At Voices we are centering our work around tending to the soil, meaning tending to the beliefs, values, narratives and ideas that make up the culture we are in. Part of how colonization works is when one group, culture, or way of being must dominate over others. Our remedy to colonization is biodiversity, to value the diversity in knowledge, culture, language, worldviews, medicines, plants and perspectives. This is not just metaphoric. In Minnesota we have massive mono-cropping where one crop is reproduced on a mass scale to the detriment of the soil, loss of Indigenous crops and cultures. The conditions of our physical soil often reflects the toxicity of dominant worldviews, values and beliefs. And we can replicate this toxicity amongst ourselves, by policing each other due to our differences rather than honoring how that makes us stronger. As we tend to our soil, we must also tend to our worldviews, values, and narratives that make up the culture that we live in.  

MAKING CULTURE SHIFT

Tending to the soil is an invitation to take responsibility for the culture we live in and create. It is an invitation to shift practices that are not in alignment with a healthy ecosystem.  Culture exists on many levels: personal, interpersonal, familial, collective, and institutional. There is culture we create, inherit and reject. What culture dominates is a reflection of power and who holds power. Culture shift happens when we take personal and collective responsibility for the culture we nurture. At the heart of our many cultures and worldviews we find our values.

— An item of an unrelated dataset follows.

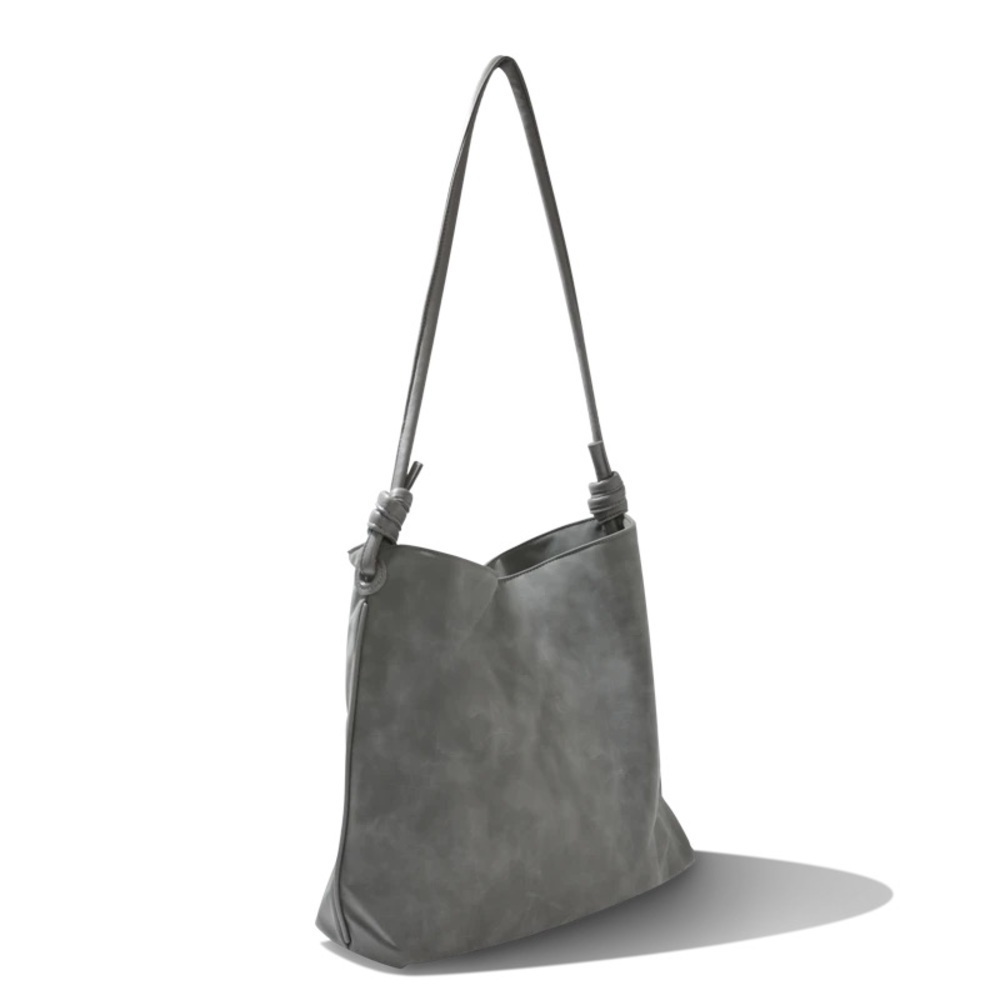 NEW 8 Other Reasons Gray Slouch Tote Bag - Picture 2 of 3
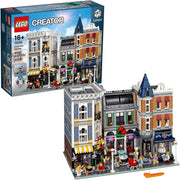 10255 Creator Assembly Square Set, Massively Modular Model Building Kit with Shops, Roof Terrace, 8 Minifigures and Much More, for Ages 16 Plus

As a multicultural team that serves a multi-cultural and intergenerational community we find our values are an interconnected web between us. In a conversation with longtime community organizers, Anishinaabe elders, and advocates Ricky DeFoe and Skip Sandman in Duluth, we are asked “what is your culture if you don’t know your values? Organizations want to talk about culture without talking about values, there is no culture without values.” Our culture and values are interlinked.

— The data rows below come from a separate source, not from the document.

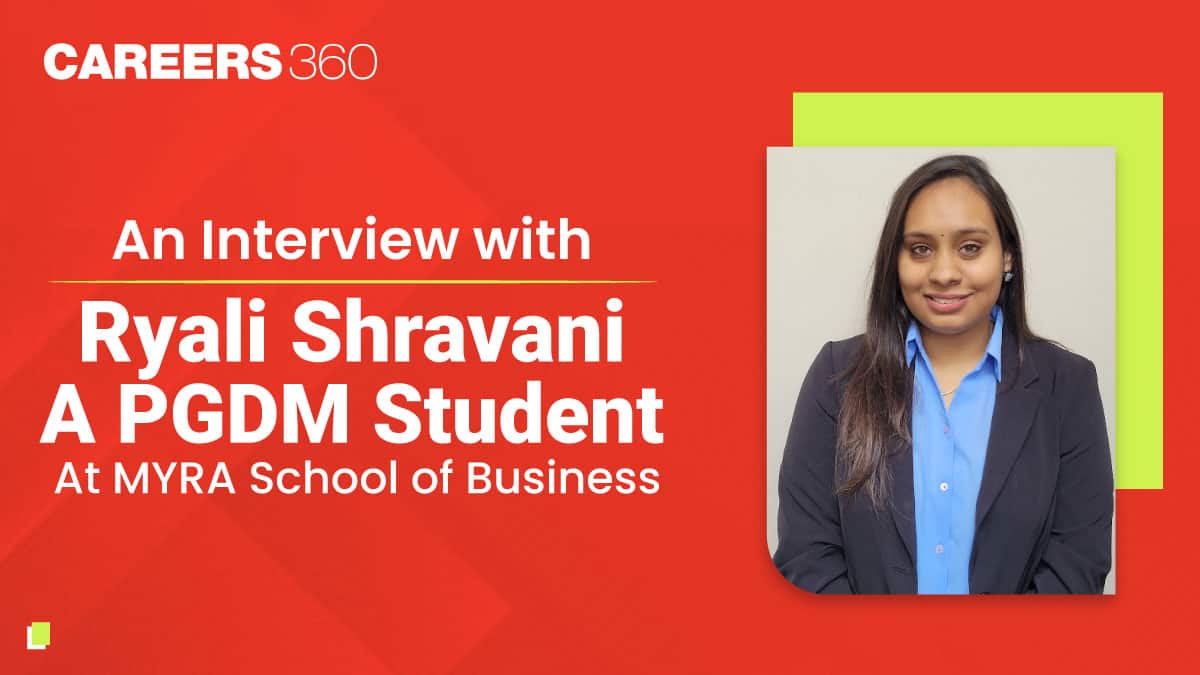 An Interview with Ryali Shravani, a PGDM Student at MYRA School of Business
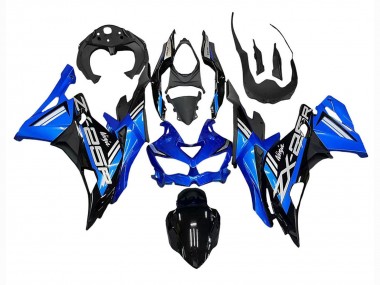 Wholesale 2019-2025 Kawasaki ZX25R ZX-25R Motorcycle Fairings - Blue White Matte Black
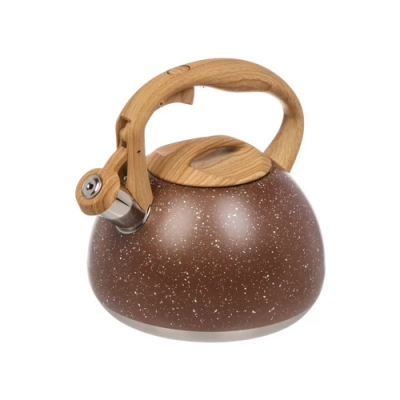 Чайник нержавеющая сталь, 2.7 л, со свистком, матовый, нейлон, Daniks, индукция, GS-04049H-2 (480201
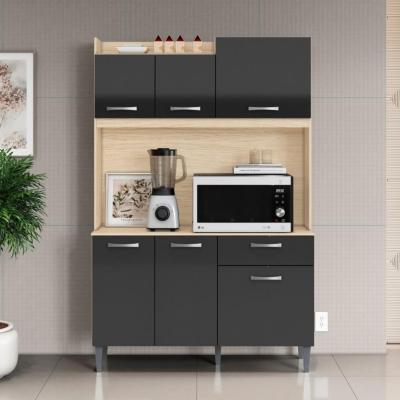 Cozinha Compacta 6 Portas 1 Gaveta Berlim Aramóveis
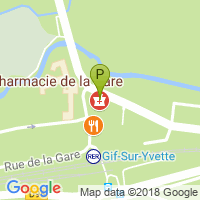 carte de la Pharmacie de la Gare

At Voices for Racial Justice we value our elders, cultural workers, and experts who carry the wisdom that influence us in how we tend to the soil of our movements. We were blessed to have Ricky DeFoe  join us at the beginning of our Duluth organizing training kick off, grounding our circle in an exchange of what values we know are sacred to us and that have been informed by the worldviews of our loving and wise ancestors.

What we value gets our attention, time and resources and what we do not value gets forgotten and eventually left behind, and what is devalued gets destroyed. At Voices for Racial Justice we are aware of how power shapes what gets valued and the culture of how things are done within institutions, from schools to government departments, from the curriculum taught to the policies passed. We are aware of how toxic worldviews create toxic cultures that lead to toxic practices and norms.

We recognize that solutions to injustices and disparities will not come from the very toxic cultures and systems that created them. Nor will mainstream models and approaches to working with communities of color and Indigenous communities that focus on deficit, what is lacking, where there is harm, and what needs “fixing” — as if the people themselves are broken. Although it is true that our communities are facing many forms of injustice and disparities we know programming that focuses on “assimilating” folks of color and Indigenous people devalues the cultures, medicines, resources, and strengths our communities already have. We draw on the strengths, culture, traditions, within our communities as sources of knowledge, creative inspiration, healing and power.

At Voices for Racial Justice we value, honor and respect the diverse worldviews, cultures, and values of people of color and Indigenous people which requires we take a proactive stance against pressures that assimilate, erase and devalue our traditions, ways of being, cultures, history, and languages. Cultural strategy and shared learning requires expansiveness to value other ways of being that are different from our own. We welcome cultural differences while leaning into sharing our collective values informing the culture of racial justice we create together.